===== Dataset entries =====

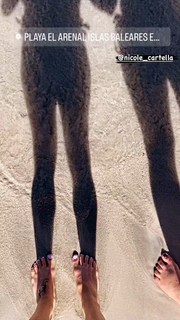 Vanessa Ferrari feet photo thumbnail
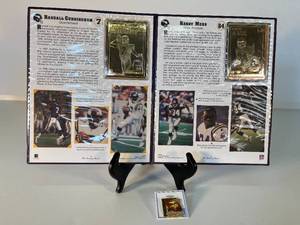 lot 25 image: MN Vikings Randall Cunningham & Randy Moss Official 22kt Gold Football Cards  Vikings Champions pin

=====
===== Dataset entries =====

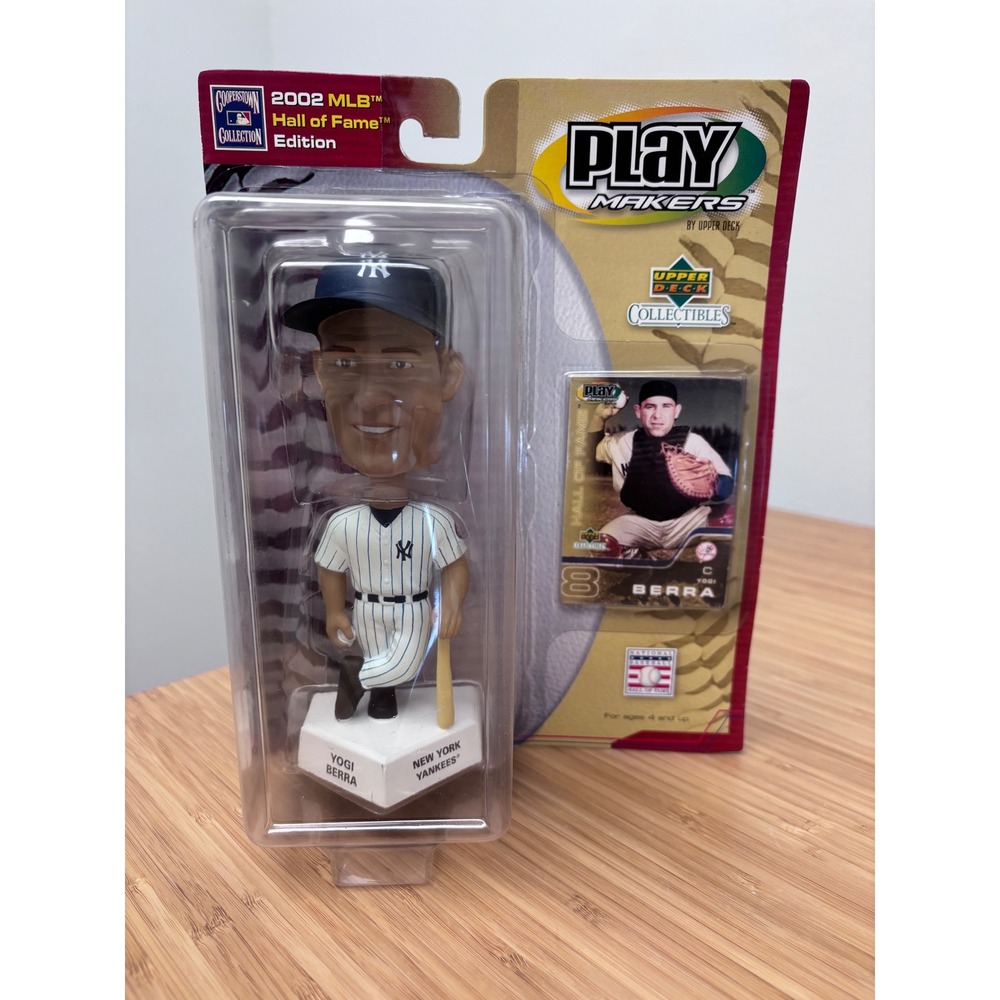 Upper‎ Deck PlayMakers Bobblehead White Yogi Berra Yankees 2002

=====

Reproduce, word for word, only the lines in the records above from the line with "Vanessa Ferrari feet photo thumbnail" through the line with "lot 25 image: MN", including both ends; omit the pictures.

◆ **Written answer**:
 Vanessa Ferrari feet photo thumbnail
 lot 25 image: MN Vikings Randall Cunningham & Randy Moss Official 22kt Gold Football Cards  Vikings Champions pin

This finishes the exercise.